Sunday, September 10, 2023 8:15:09 PM

Post# of 794618
WSJ today: "Add to the mix government-sponsored enterprises Fannie Mae and Freddie Mac, which have fueled the housing boom by making it easier for borrowers who can't afford to repay their student loans to take out bigger mortgages.

Here's out it works: Mortgage lenders have typically preferred that buyers have a total debt-to-income ratio less than 36%—meaning that monthly debt payments shouldn't exceed 36% of one's income. As housing prices climbed, however, Fannie and Freddie allowed home buyers with higher debt-to-income ratios to qualify for government guarantees.

In the second quarter of this year, 26% of new mortgages backed by Freddie had debt-to-income ratios above 45%. Fannie now guarantees mortgages for buyers with debt-to-income ratios up to 50% . But here's the kicker: Fannie and Freddie exclude much student debt for borrowers in Obama income-based repayment plans. This has enabled many people who can't afford to pay their student loans to take out mortgages that are $100,000 to $200,000 larger.

Take a couple with two kids that earns $75,000 a year and has $100,000 of student-loan debt. Under a standard repayment plan, they would have to pay about $1,150 per month. Under the Obama plans they would have to pay only about $250. If they apply for a mortgage, only $250 would be counted toward their debt-to-income ratio.

This would enable them to qualify for mortgages with monthly payments $900 larger than they otherwise could if they were paying down their student loans in full. At today's interest rates, they would qualify for a roughly $120,000 larger mortgage.

It gets better: If borrowers don't earn enough to make their monthly student-loan payments, no sweat. Mortgage lenders can count their student-loan payment as zero—meaning they can take out even larger mortgages. What could go wrong? For taxpayers, who stand behind the mortgages and student debt, a lot.

At the same time, Fannie and Freddie have reduced the required down payments for lower-income borrowers to 3% from 20% for conventional mortgages. A freelance website designer "ready to buy a home of his own" but still in need of his parents as co-borrowers needn't worry, Freddie's website says. He can still qualify for a 3% down payment.

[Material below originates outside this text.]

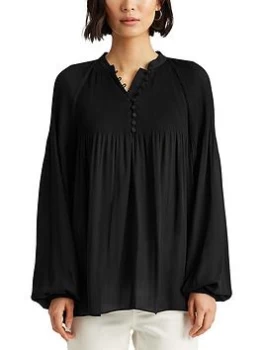 Image of Ralph Denim & Supply Versilla-Long Sleeve-Blouse - Polo Black, Size S, Women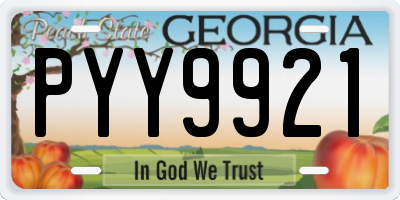 GA license plate PYY9921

As the housing market has slowed, the nation's biggest mortgage lenders in recent months began to chip in 2% toward the 3% down payment. Home buyers thus have to scrounge up only a few thousand dollars to buy a new home. Such accommodative policies helped fuel the run-up in prices and are now helping prop them up.

Nonetheless, the median home price nationwide has fallen 13% from its peak last autumn. That means some recent home buyers with low-down-payment mortgages could already be underwater.

Conventional wisdom holds that home owners are in better shape than they were before the 2007-2008 housing meltdown. That may be true, but the combined effects of higher interest rates and inflation could soon start to bite homeowners harder.

Home-insurance premiums are soaring , 20% on average over the last year. If homeowners have to buy a new car because their old one breaks down, their auto-loan payments will spike. Auto-loan and credit-card delinquencies are now at their highest levels in more than a decade. Struggling homeowners may pay their mortgages first to avoid foreclosure, but something may eventually give, and it may not be in housing.

One thing that's certain is that taxpayers are now standing behind trillions of dollars in risky mortgages and student debt. The former may be saved from default only because borrowers aren't repaying the latter."